Sonntag, 27. August 2017

Zufall ist eben etwas anderes als Synchronizität

Wie ich bereits schrieb, passiert Synchronizität seltener als reiner Zufall. Man nimmt sie auch nicht immer deutlich wahr, weil es sich dabei meistens um banale Ereignisse handelt und nicht um ungewöhnliche. Zudem hat man meistens nichts zum Schreiben dabei - und vergisst daher. Zufälle sind hingegen eher ungewönlicher Natur, also auffällig. Deshalb bemerken wir sie nicht nur deutlicher, sie prägen sich auch stärker ein. Zufälle können auch über einen größeren Zeitraum passieren. Einen solchen habe ich eben erst erlebt.

Am 18.7.2017, also vor einem Monat, fuhr ich mit einer Freundin zum Rathausplatz in Wien. Eigentlich wollte ich gar nicht fahren, weil Gewitter angesagt worden waren. Sie drängte mich jedoch und so gab ich schließlich nach. Es war unser zweiter Besuch am Rathausplatz. Wir wollten uns einen Film ansehen, den man dort kostenlos ansehen kann. Beim ersten Mal sahen wir uns den Film gar nicht an, sondern gingen spazieren. Damals passierte ein anderer Zufall, über den ich hier auch geschrieben habe. https://psionik.blogspot.co.at/2017/07/mein-experiment-verlauft-leider-ganz.html

Diesmal schlenderten wir durch die Fressmeile. Die Freundin wollte weder spazieren gehen, noch den Film ansehen. Sie wollte bald wieder gehen. Ich brachte sie dann doch dazu wenigstens kurz zuzusehen - und plötzlich war sie in ihrem Element. Jetzt war sie gar nicht mehr weg zubekommen. Man zeigte ein Ballett. Sie war Feuer und Flamme. Weil es blitzte, drängte ich zum Aufbruch, sie aber wollte nicht gehen. Schließlich überredete ich sie dazu, wenigstens zu schauen was da eigentlich lief. Wir wussten es nicht. Eine Aufsichtsperson gab und ein Programm.
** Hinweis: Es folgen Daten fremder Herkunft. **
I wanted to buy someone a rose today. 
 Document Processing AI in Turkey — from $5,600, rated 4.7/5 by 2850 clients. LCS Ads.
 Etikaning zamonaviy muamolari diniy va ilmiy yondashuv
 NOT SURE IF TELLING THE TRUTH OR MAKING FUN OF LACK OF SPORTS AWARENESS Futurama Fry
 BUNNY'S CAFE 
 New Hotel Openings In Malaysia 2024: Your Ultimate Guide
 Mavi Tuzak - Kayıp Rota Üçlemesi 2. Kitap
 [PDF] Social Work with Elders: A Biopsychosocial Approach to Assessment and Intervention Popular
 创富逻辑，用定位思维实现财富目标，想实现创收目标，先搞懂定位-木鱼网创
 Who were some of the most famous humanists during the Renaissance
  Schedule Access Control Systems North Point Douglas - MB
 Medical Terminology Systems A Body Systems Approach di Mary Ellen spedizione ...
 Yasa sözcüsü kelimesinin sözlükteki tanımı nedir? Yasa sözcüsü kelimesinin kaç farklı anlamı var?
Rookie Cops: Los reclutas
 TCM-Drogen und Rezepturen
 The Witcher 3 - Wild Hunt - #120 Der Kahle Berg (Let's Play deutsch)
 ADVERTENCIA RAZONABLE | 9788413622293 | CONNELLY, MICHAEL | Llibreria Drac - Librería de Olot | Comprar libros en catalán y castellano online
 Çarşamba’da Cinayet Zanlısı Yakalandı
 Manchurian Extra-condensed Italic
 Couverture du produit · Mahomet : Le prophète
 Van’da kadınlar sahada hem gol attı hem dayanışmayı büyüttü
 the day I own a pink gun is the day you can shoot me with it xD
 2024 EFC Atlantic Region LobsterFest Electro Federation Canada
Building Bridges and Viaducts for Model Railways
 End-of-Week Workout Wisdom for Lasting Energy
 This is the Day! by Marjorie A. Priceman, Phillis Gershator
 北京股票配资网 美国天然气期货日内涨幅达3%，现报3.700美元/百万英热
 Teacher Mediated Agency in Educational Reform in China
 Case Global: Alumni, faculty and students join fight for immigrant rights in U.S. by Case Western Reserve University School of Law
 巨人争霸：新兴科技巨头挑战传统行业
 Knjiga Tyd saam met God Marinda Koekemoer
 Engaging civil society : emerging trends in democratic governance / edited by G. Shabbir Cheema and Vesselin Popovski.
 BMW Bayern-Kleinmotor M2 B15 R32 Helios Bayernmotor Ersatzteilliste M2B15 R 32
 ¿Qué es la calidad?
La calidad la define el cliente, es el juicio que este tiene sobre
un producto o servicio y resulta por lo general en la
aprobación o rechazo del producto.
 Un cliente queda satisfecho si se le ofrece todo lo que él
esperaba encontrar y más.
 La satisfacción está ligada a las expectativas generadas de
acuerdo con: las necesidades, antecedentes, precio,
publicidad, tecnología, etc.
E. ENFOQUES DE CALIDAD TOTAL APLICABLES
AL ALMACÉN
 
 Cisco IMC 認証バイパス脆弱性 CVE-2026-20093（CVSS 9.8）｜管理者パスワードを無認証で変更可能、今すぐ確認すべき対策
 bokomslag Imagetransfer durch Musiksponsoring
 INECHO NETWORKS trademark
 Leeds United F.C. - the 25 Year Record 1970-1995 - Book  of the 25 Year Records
Es wurde Giselle gespielt. Aha. Das sagte mir nicht viel. Eine fremde Frau fragte uns dann noch, welches Ballett das denn sei. "Giselle", meinte ich. Aha. Nicht jeder kennt es.

Das war der eine Teil des Zufalls.

Heute, am 26.8.2017 lief auf RTL2 um 20.15 der Film "Voll verflittert". http://www.tvtoday.de/entertainment/kino/voll-verflittert_5662023.html
Den Film habe ich weder ausgesucht, noch kannte ich ihn. Es war also reiner Zufall, dass ich ihn mir ansah. Ich sah nur mit jemandem gemeinsam zu. Den Anfang verpasste ich, doch ich kam gerade noch zurecht, als der Hauptdarsteller gezwungen wurde, eine ihm unbekannte Frau zu heiraten. Es war eine Staatsbürgerschafts-Ehe. Dazu musste er lernen, was sie gerne tat und wo er sie kennen gelernt habe: Bei einer Ballettaufführung von Giselle!

Nun liegt zwar ein relativ großer Zeitraum zwischen den beiden Ereignissen. Da es sich jedoch um einen ungewöhnlichen Zufall handelt, nehme ich ihn in meine Zufallssammlung auf.

Ich kann mich nicht erinnern, jemals zuvor etwas von diesem Ballett gehört, geschweige denn gesehen zu haben. Ganz sicher nicht in letzter Zeit und ganz sicher nicht bewusst, wenn überhaupt. Ballett ist nichts für mich, hat mich noch nie interessiert und außer Schwanensee kenne ich fast keines. Mir hat es nicht gefallen, meine Feundin war begeistert. Mit Mühe brachte ich sie dazu, endlich zu gehen, denn es begann schon zu regnen. Gerade als wir im Auto saßen, brach ein ungeheures Gewitter los.